This Consulting
Agreement, dated as of February 24, 2009 (the
“Consulting Agreement”) for consulting services to be
provided by Patrick J. Haveron (the “Consultant”) to
Tower Group, Inc., its parent, subsidiary and affiliated
corporations, and their respective successors and assigns
(collectively, “Tower”).
1. The term
of this Consulting Agreement will be for a period of six
(6) months beginning on March 2, 2009 and ending on
August 28, 2009 (the “Term”). Notwithstanding
anything to the contrary in this Consulting Agreement, this
Consulting Agreement will be signed contemporaneously with the
Separation Agreement between Consultant and Tower dated the date
hereof (the “Separation Agreement”), and this
Consulting Agreement will not become effective unless and until
Consultant has signed and has not revoked (as set forth in
paragraph 16 of the Separation Agreement) the Separation
Agreement.
2. During the
Term, Consultant will, as an independent contractor, provide such
consulting services and make himself reasonably available for such
projects and meetings in connection therewith, during normal
business hours, as Tower shall from time to time request, subject
to Consultant’s other employment and consultancies and other
business pursuits and activities.
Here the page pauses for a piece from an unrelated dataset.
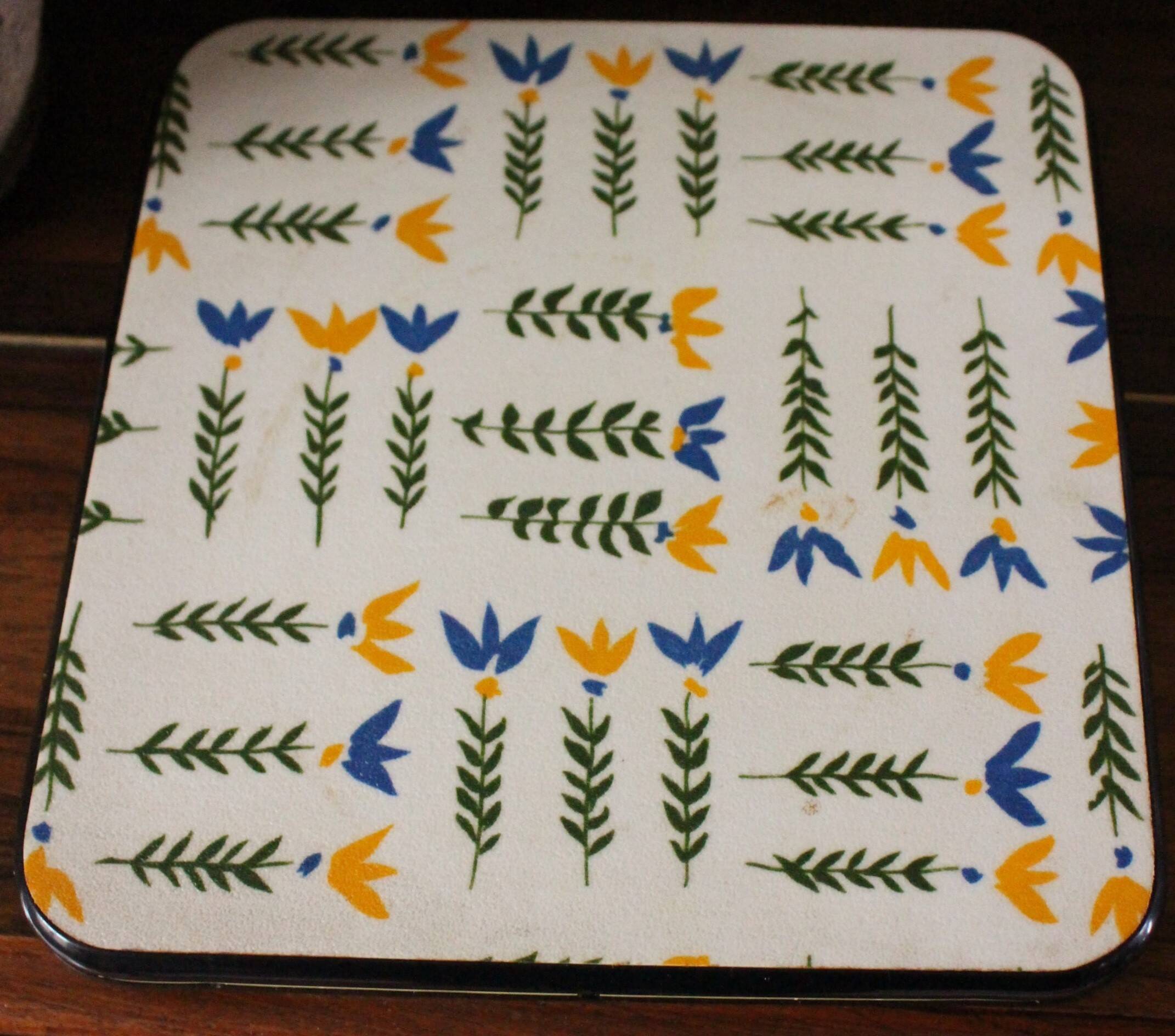 Vintage laminated wooden trivet with yellow, green, and blue flowers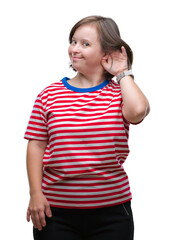 Young adult woman with down syndrome over isolated background smiling with hand over ear listening an hearing to rumor or gossip. Deafness concept.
Tower and Consultant agree and
acknowledge that the level of services reasonably anticipated to be
performed by Consultant is 20 percent or less of the average
level of services performed by Consultant during the 24-month
period immediately preceding February 27, 2009.
3. As
consideration for the provision of the consulting services, Tower
will pay to Consultant the aggregate sum of $85,000.00, payable in
two equal installments on or before March 2, 2009 (or, if
later, on the date this Consulting Agreement becomes effective as
provided in paragraph 1) and August 28, 2009.
4. Nothing in
this Consulting Agreement shall be construed as creating any
partnership, joint venture or agency between Tower and Consultant.
The parties expressly agree and acknowledge that Consultant shall
act solely as an independent contractor hereunder and, as such, is
not authorized to represent or bind Tower to third parties.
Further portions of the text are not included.